What type of work qualified for that trade experience and how would I prove it? 
Do the events I work need to be Union, or ETCP approved? 
Could I use the hours I've spent working in TV studios, and at a production company for those hours? 

What are some basic areas that are covered in the exam? I'm thinking about just taking the 50 question sample test online to see where I stand.

I did find the outline of the course http://etcp.plasa.org/candidateinfo/electricalexams/ElectricalContentOutline.htm


----------



## Footer

Derekleffew is a listed ETCP Trainer along with other CB members such as Steve Terry and John Huntington. For a list of CB members who are ETCP certified take a look at this: ETCP - ControlBooth. We have a few CB members who are "double threats" or have the "trifecta". 

Personally, I am putting off taking the exam until I either want to change jobs or I have a reason to get either exam done within my current job. 

As far as the "what hours count" thing, any work you are paid to do related to entertainment electrics or entertainment rigging count. Now, that does not mean you can can count the 8 hour call you worked overhire at the IA local where you pushed boxes containing lights. It has to be real, actual, electrical work. Be it hanging lights, patching, programming a console, etc. It then has to be backed up with pay stubs. The goal of this requirement it to weed out people that have the knowledge to past the test but not the skills to actually put that knowledge to practice. ETCP is designed to establish a base line for crew heads. As far as the 7 points for your degree, as long as it was from an accredited institution you should be fine. Added to that, if you have a journeyman's electrician license that adds 7 points and a master electricians license adds 10. Study over the material. Beyond the formulas for a refresher, if you have to study for the exam you probably should not be taking it.


----------



## Edrick

Well I'm defiantly a far way off from meeting the criteria. I only wish I had a job that could help put me on the right track to getting it. I thought about working to get an apprenticeship in the electrical field while focusing on the live venue side of it. 

But that'd be kind of nonbenificial to my film degree.


----------



## BryanKacz

I took mine about 2 years ago, I don't remember exactly where my points came from, other than my BA in theater, but the work credit ones were easy to document, at least for me, I was able to use the fact that I held a full time house electrician job for over 4 years prior to that at 40 hours per week 48 weeks per year (accounting for vacation time) for 4 years at 40 hours per week is around 7600 hours. I'm in a non-union house (well non-IATSE, we're in the University Union).

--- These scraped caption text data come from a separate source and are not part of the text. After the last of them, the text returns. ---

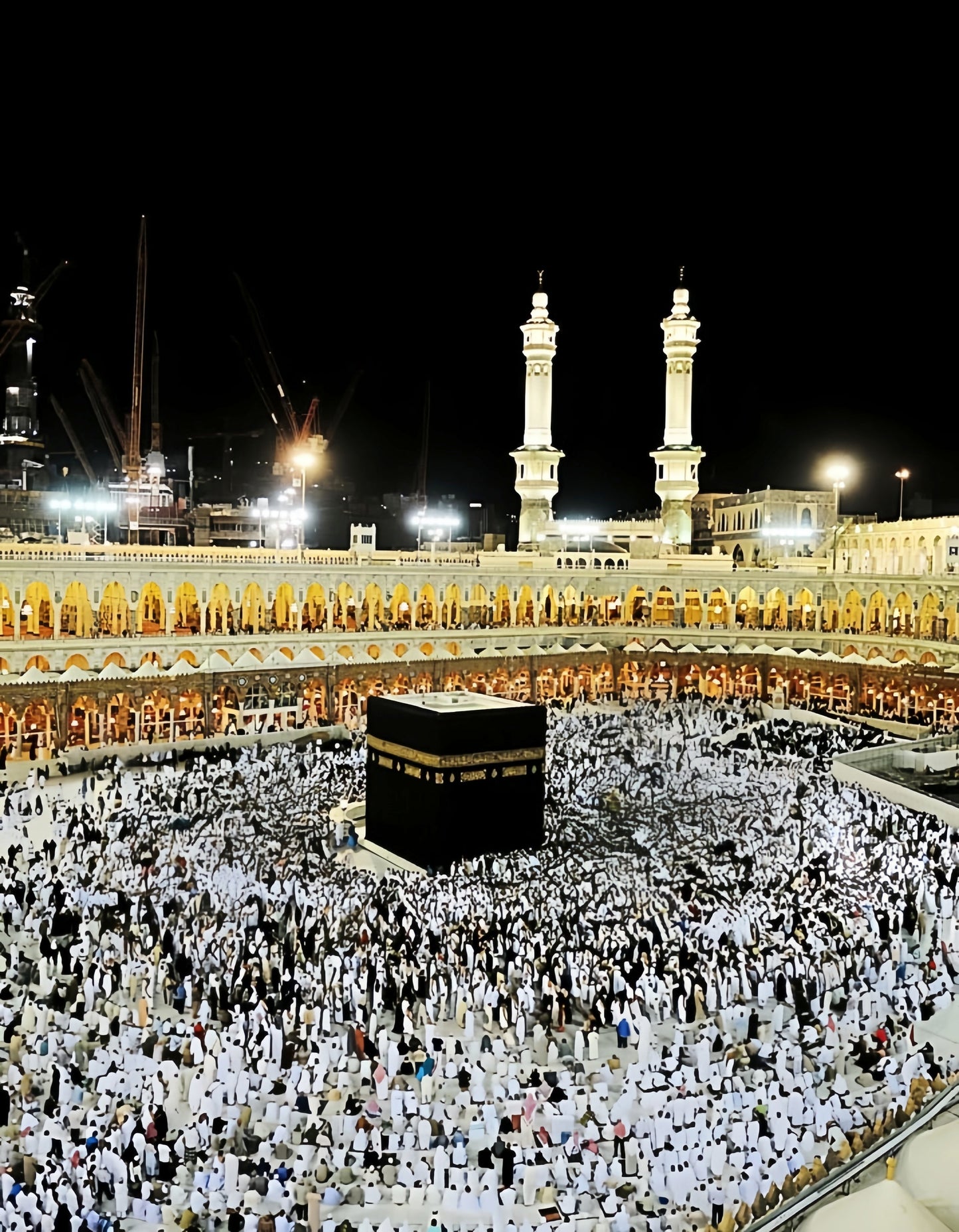 70X90CM - Mecca Building DIY Product 5D Full Diamond DIY Painting NO Frame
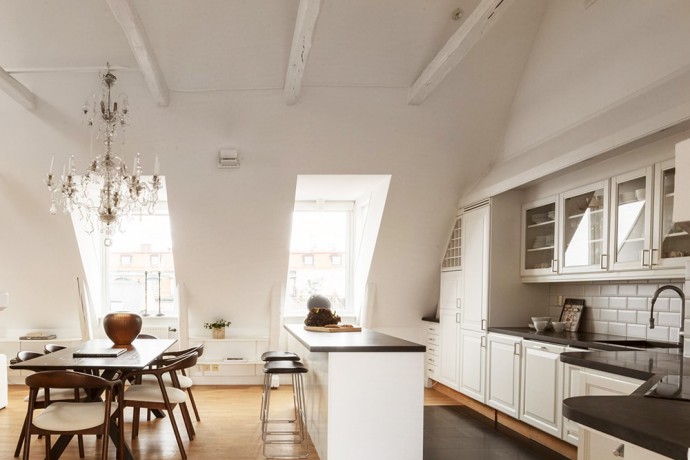 Мансардная квартира в Стокгольме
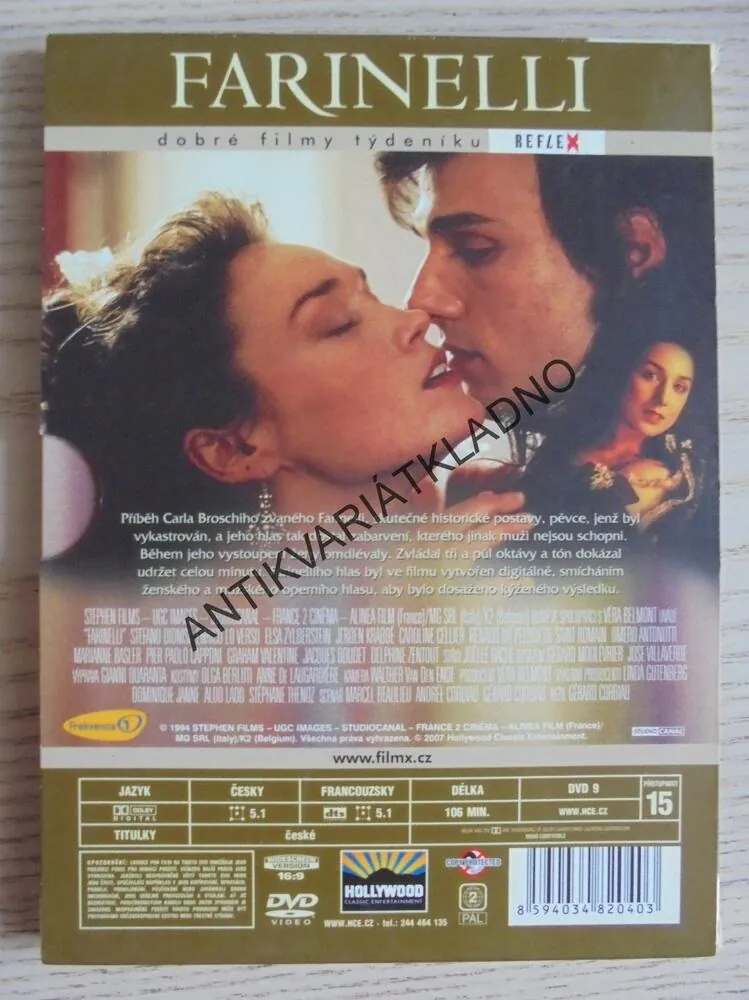 FARINELLI, GERARD CORBIAU, DVD FILM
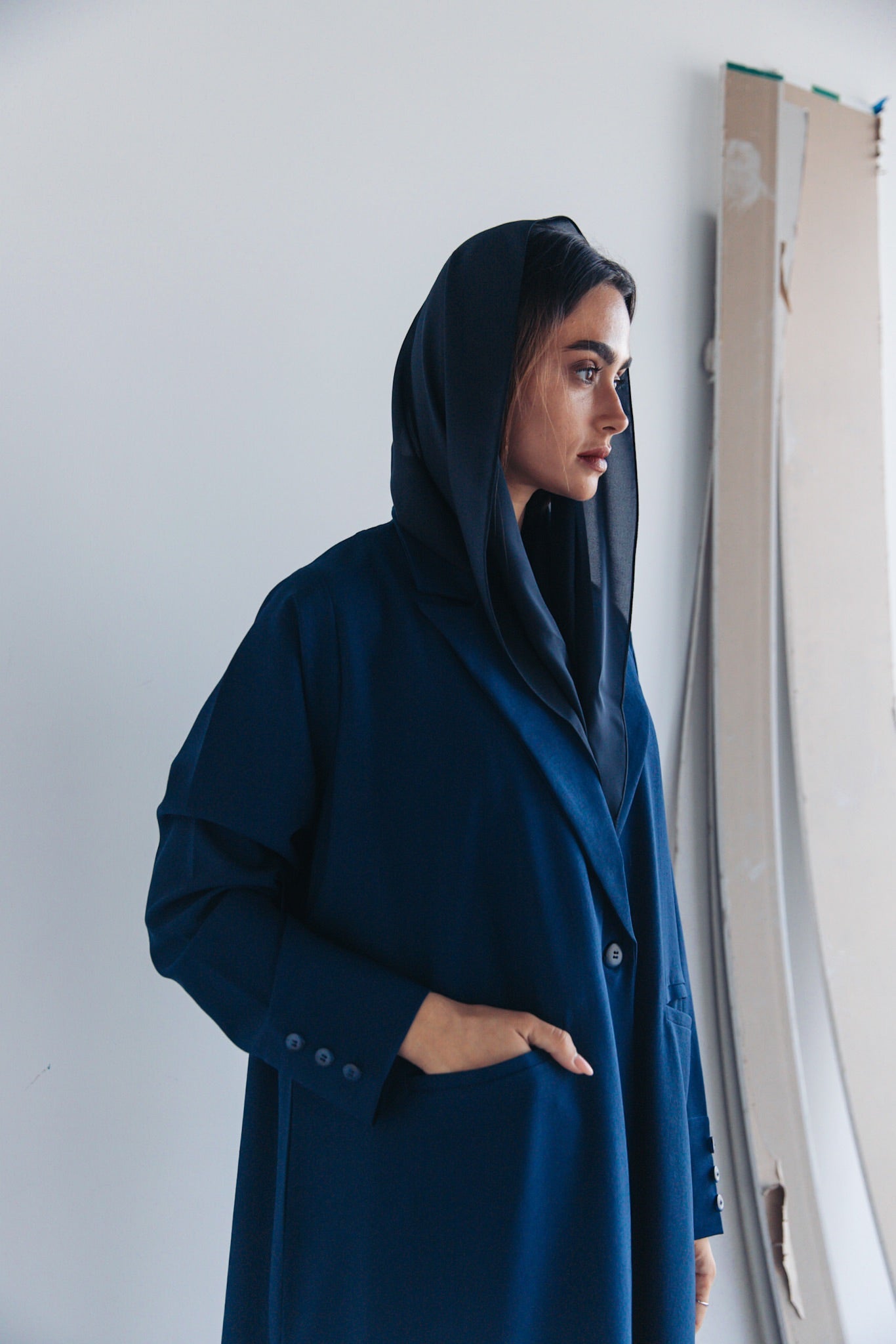 Navy formal abaya - 3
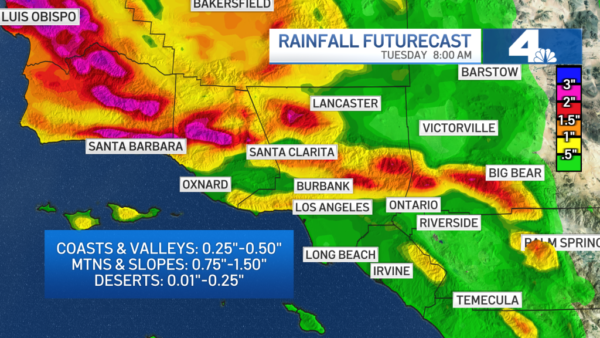 West Coast Storm Hits SoCal – NBC Los Angeles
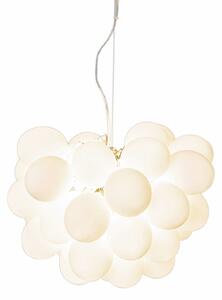 Lampa Wisząca By Rydéns, Gross, ściemnialny, biały, salon, szkło, nowoczesny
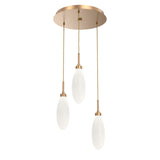 Fiori Multi-Light Pendant By Hammerton, Number Of Lights: 3 Light, Finish: Novel Brass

When I took the test I didn't really study per-se, just read through the outline from the ETCP website and used google to brush up on anything that I wasn't 100% on the night before.


----------



## Edrick

Would you say it's worth having the ETCP Certification? I mean it's one thing when you meet the requirements and just take the test. But being that I need to do all the work towards getting it, is it a worthy goal to do? Or is it like those certifications that people just look at like whatever (Like A+ in computers).


----------



## Footer

Edrick said:


> Would you say it's worth having the ETCP Certification? I mean it's one thing when you meet the requirements and just take the test. But being that I need to do all the work towards getting it, is it a worthy goal to do? Or is it like those certifications that people just look at like whatever (Like A+ in computers).


 
Its heald in high regard in the industry. Within the last year or so, many places are requiring all their crew heads to be certified. I know of a few people who have been hired onto gigs just to be their ETCP person. It has made money for them. However, being ETCP certified should not really be your goal. Instead, you should aim to be qualified to take the ETCP test. ETCP is a badge that says you have a baseline of expereince and knowledge. Its not the end goal. In fact, even after certifiaction you still have to do training in order to keep your cert current. 

The reason that the A+ and CCNA certs that are in the tech industry are looked at as useless is that they show that you can take a test. You can take a weekend class to teach you how to take the test, never have touched anything pertaining to the subject. The reason ESTA put in the hour requirement is to avoid that situation. They assume if you have work 3,000 hours in your field that you know your stuff. Added to that, you should have gathered the required knowledge in your day to day activities in your field. You should not have to cram for this test and if you do, you should not be taking it. 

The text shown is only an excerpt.